=== About this task ===
Copy out nothing but the lines from the one holding "Dual Head Dematting" through the end of the entries below, exactly as written and without the pictures.

=== Data supplied ===
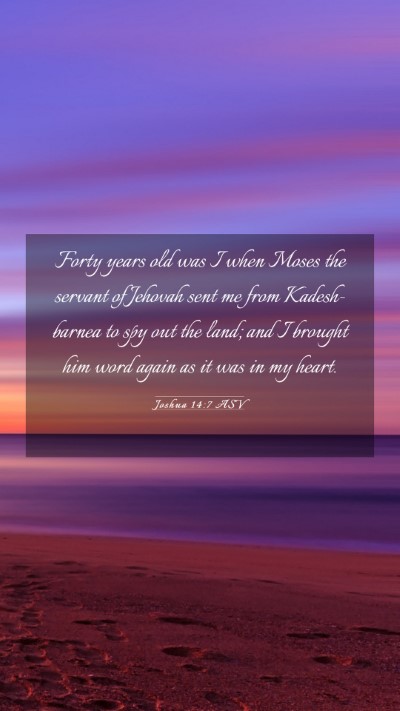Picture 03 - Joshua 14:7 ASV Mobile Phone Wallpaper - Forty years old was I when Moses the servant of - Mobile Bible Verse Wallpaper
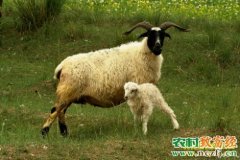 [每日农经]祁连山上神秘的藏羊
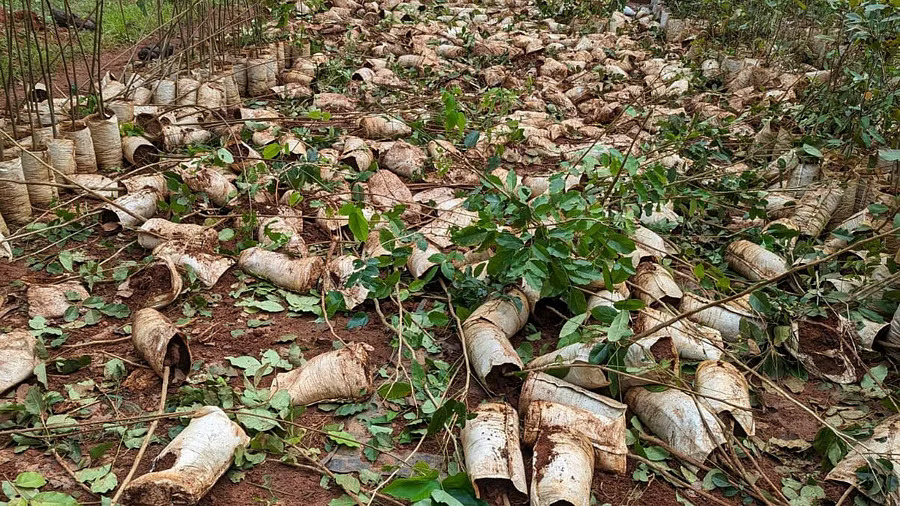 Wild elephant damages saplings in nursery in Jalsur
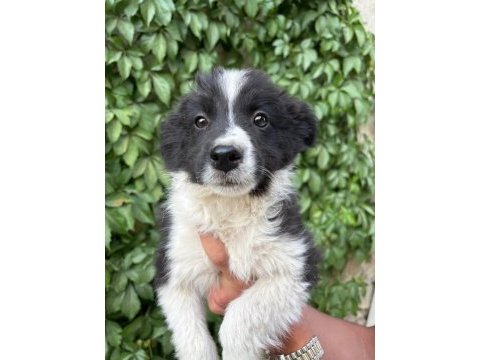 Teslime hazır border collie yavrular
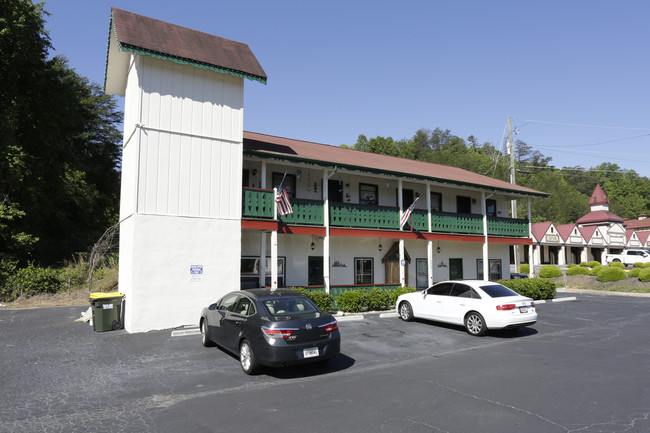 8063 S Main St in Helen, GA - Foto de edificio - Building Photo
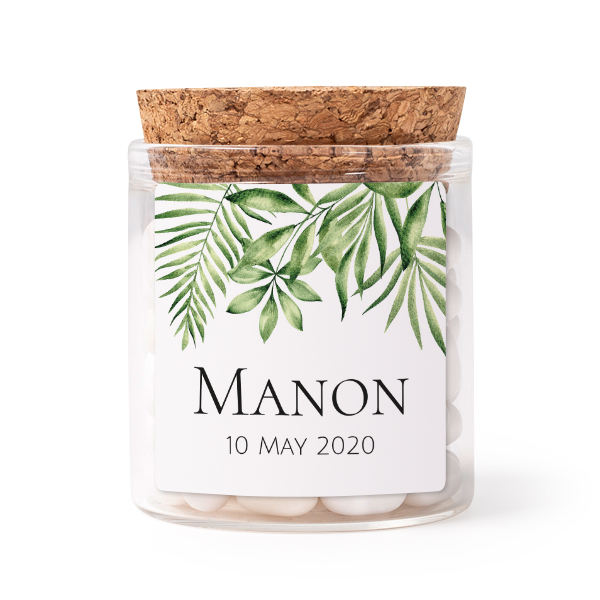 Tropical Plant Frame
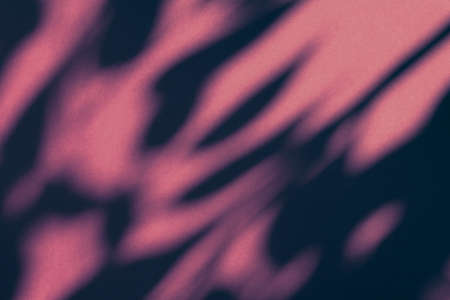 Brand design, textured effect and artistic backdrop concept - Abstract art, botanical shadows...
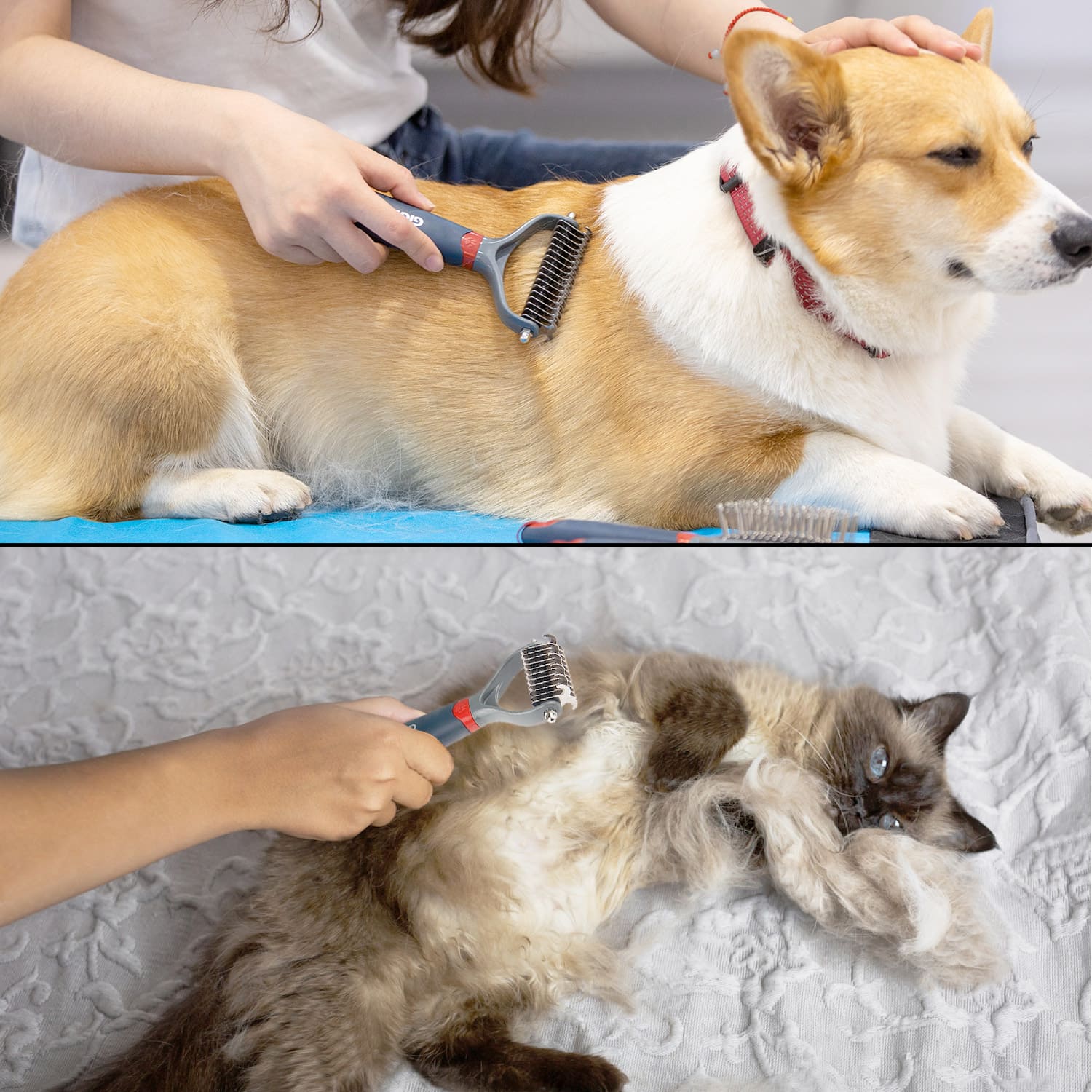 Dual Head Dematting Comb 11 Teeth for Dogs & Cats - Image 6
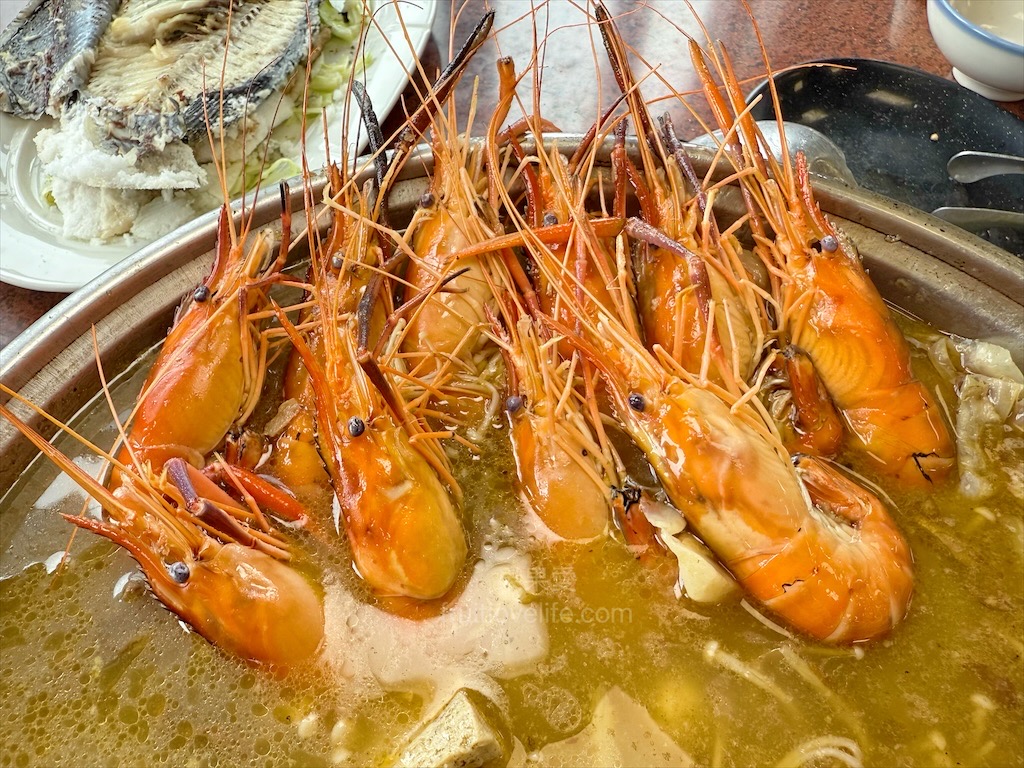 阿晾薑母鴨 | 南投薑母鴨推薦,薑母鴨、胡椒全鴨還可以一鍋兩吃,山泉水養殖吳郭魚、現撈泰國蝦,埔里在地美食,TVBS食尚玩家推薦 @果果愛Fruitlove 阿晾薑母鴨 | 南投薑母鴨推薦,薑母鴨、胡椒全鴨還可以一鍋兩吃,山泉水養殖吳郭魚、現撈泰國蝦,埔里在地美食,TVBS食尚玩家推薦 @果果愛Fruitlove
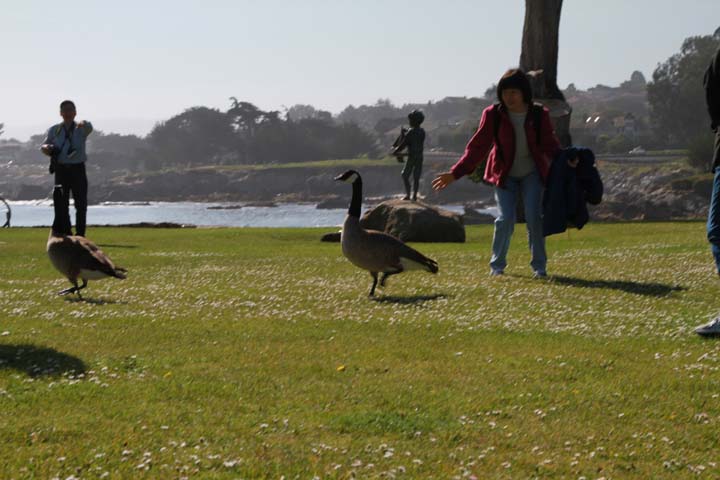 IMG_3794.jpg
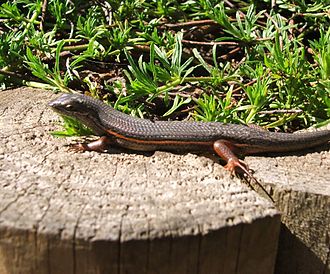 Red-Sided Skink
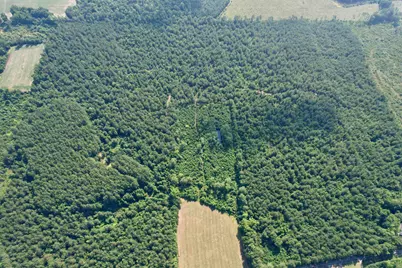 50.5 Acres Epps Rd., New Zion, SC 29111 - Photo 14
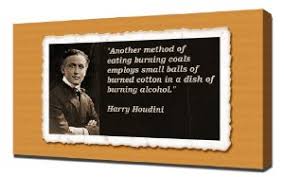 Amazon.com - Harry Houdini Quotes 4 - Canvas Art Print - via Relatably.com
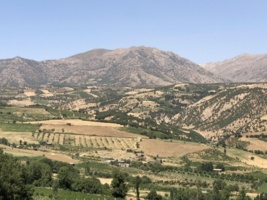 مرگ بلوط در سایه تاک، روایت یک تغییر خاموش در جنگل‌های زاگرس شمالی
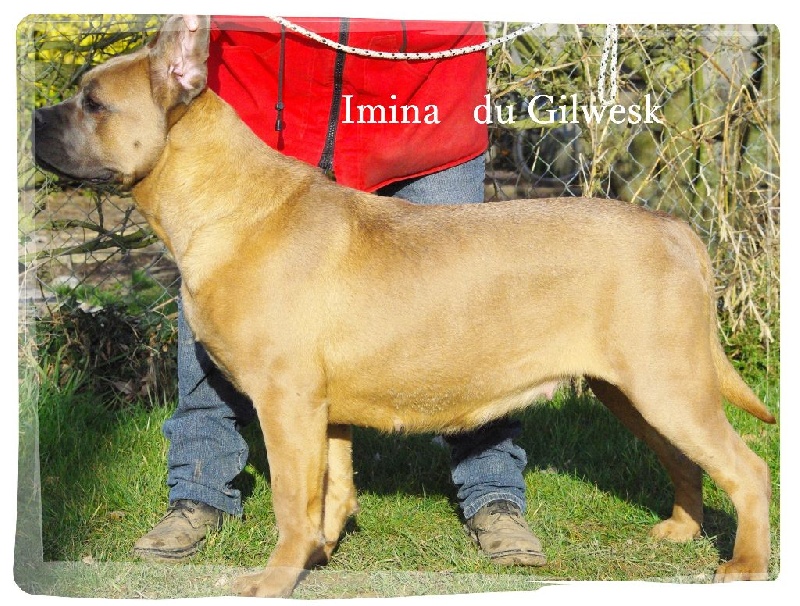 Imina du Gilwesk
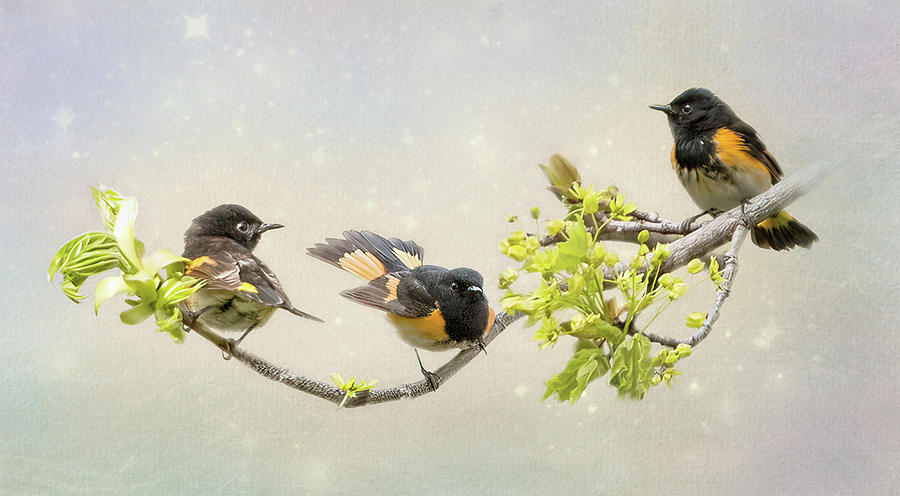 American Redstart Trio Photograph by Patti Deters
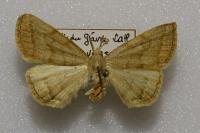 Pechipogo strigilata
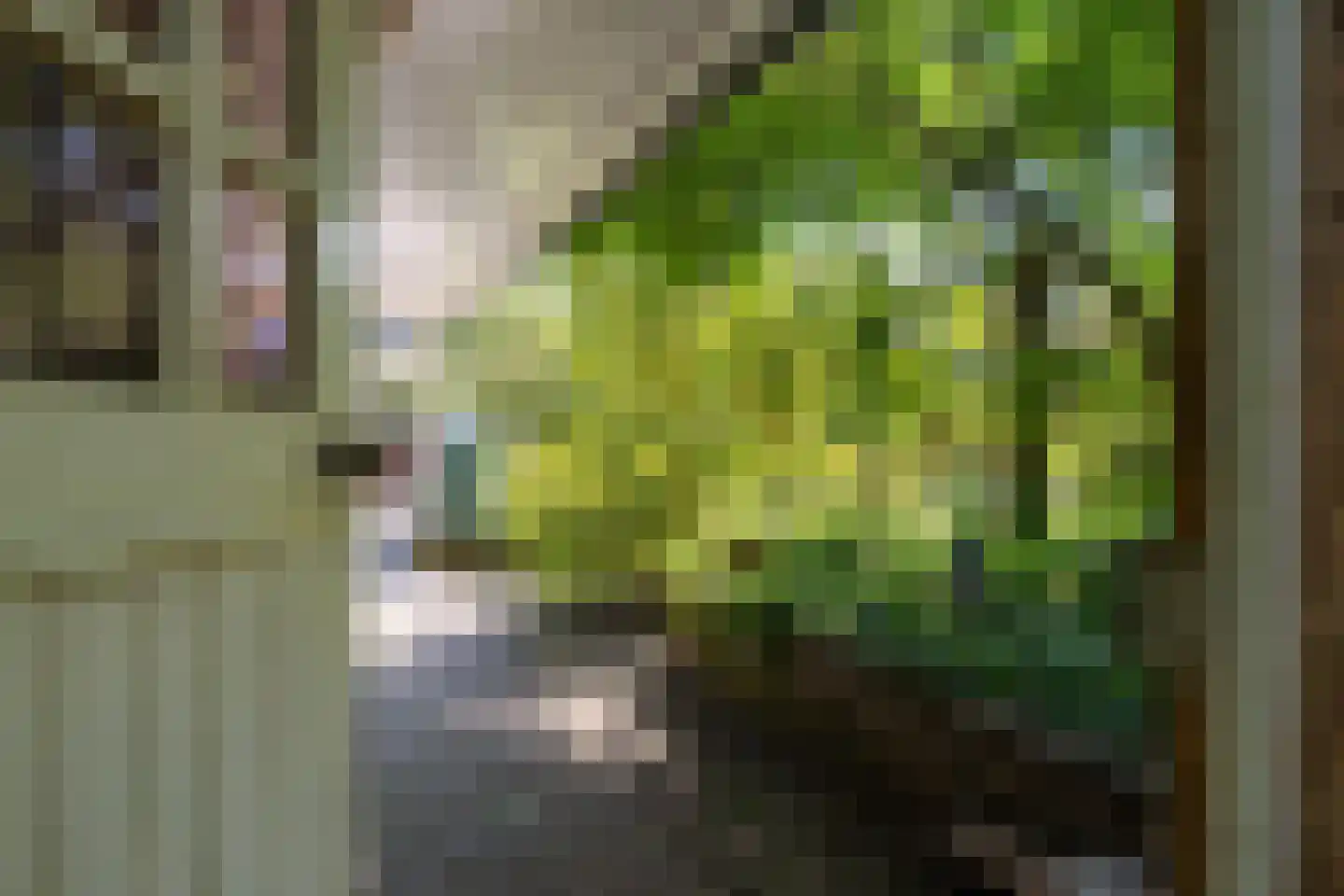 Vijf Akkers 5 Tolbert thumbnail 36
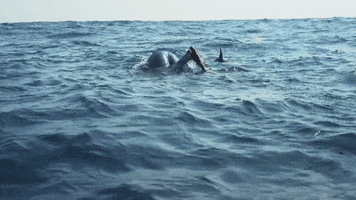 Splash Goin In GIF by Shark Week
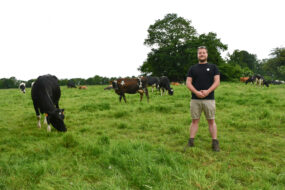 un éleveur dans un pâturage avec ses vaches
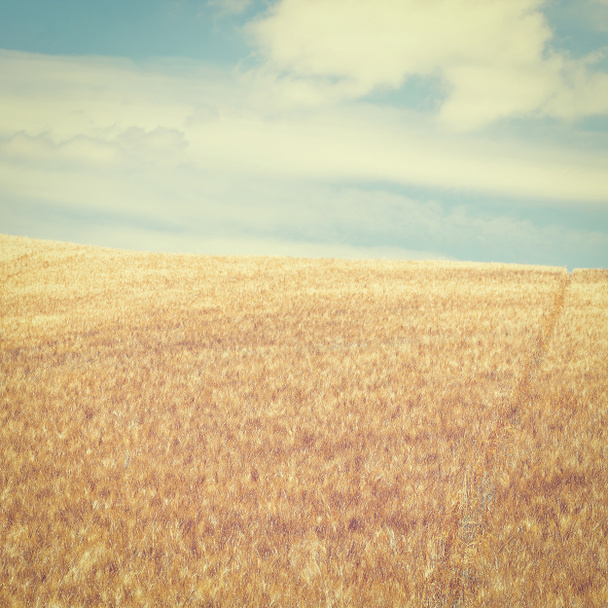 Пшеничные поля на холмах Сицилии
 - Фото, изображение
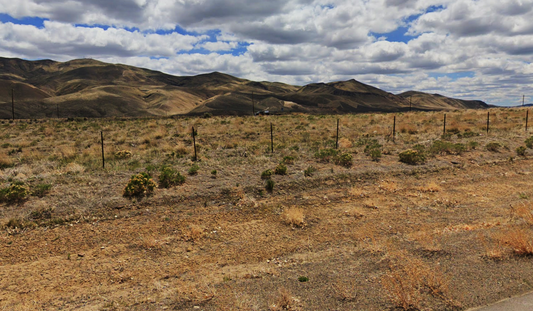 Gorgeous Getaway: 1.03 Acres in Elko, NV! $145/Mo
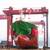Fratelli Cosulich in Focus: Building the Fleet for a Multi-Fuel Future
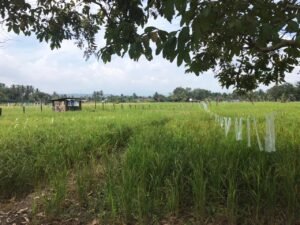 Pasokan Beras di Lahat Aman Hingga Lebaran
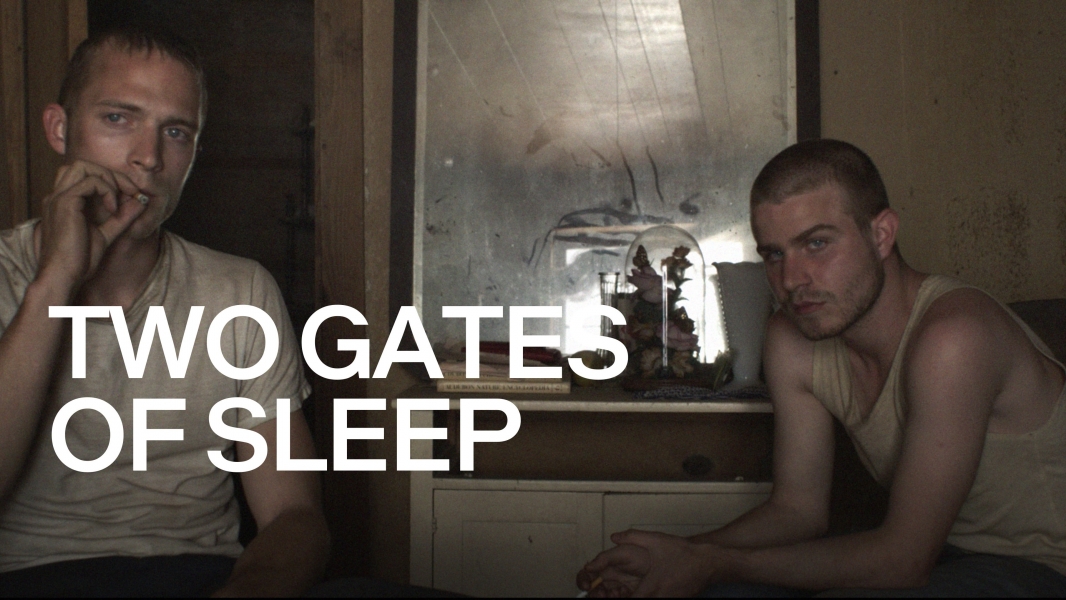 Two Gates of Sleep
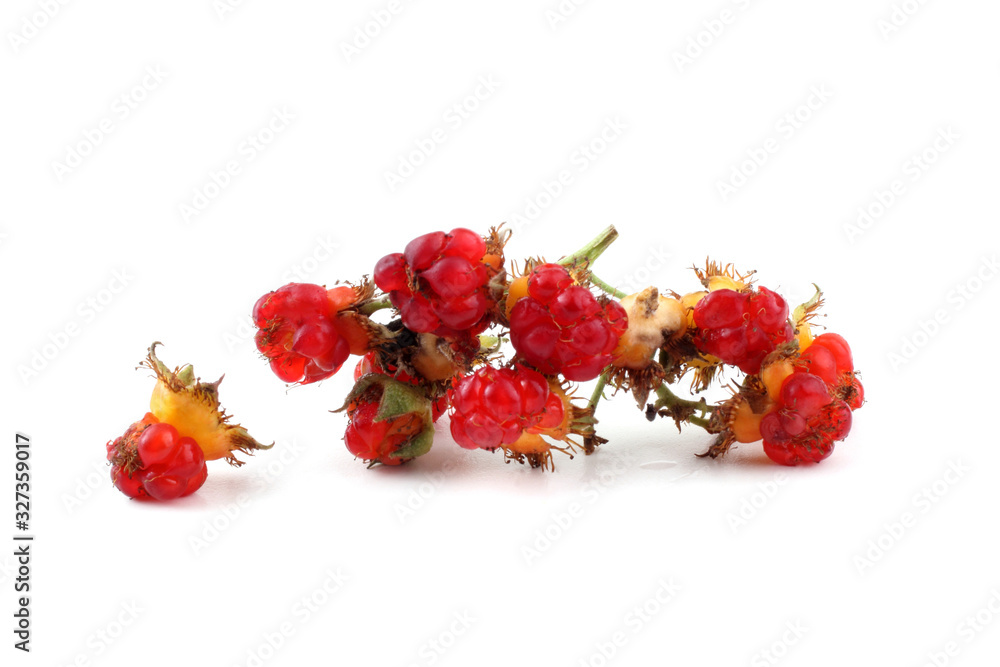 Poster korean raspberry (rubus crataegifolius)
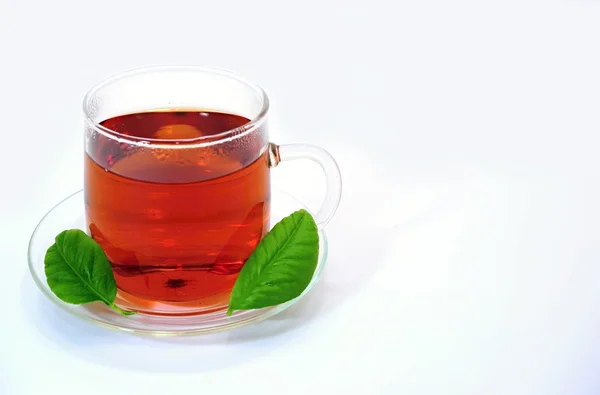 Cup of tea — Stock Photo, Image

=== Written reply ===
 Dual Head Dematting Comb 11 Teeth for Dogs & Cats - Image 6
 阿晾薑母鴨 | 南投薑母鴨推薦,薑母鴨、胡椒全鴨還可以一鍋兩吃,山泉水養殖吳郭魚、現撈泰國蝦,埔里在地美食,TVBS食尚玩家推薦 @果果愛Fruitlove 阿晾薑母鴨 | 南投薑母鴨推薦,薑母鴨、胡椒全鴨還可以一鍋兩吃,山泉水養殖吳郭魚、現撈泰國蝦,埔里在地美食,TVBS食尚玩家推薦 @果果愛Fruitlove
 IMG_3794.jpg
 Red-Sided Skink
 50.5 Acres Epps Rd., New Zion, SC 29111 - Photo 14
 Amazon.com - Harry Houdini Quotes 4 - Canvas Art Print - via Relatably.com
 مرگ بلوط در سایه تاک، روایت یک تغییر خاموش در جنگل‌های زاگرس شمالی
 Imina du Gilwesk
 American Redstart Trio Photograph by Patti Deters
 Pechipogo strigilata
 Vijf Akkers 5 Tolbert thumbnail 36
 Splash Goin In GIF by Shark Week
 un éleveur dans un pâturage avec ses vaches
 Пшеничные поля на холмах Сицилии
 - Фото, изображение
 Gorgeous Getaway: 1.03 Acres in Elko, NV! $145/Mo
Fratelli Cosulich in Focus: Building the Fleet for a Multi-Fuel Future
 Pasokan Beras di Lahat Aman Hingga Lebaran
 Two Gates of Sleep
 Poster korean raspberry (rubus crataegifolius)
 Cup of tea — Stock Photo, Image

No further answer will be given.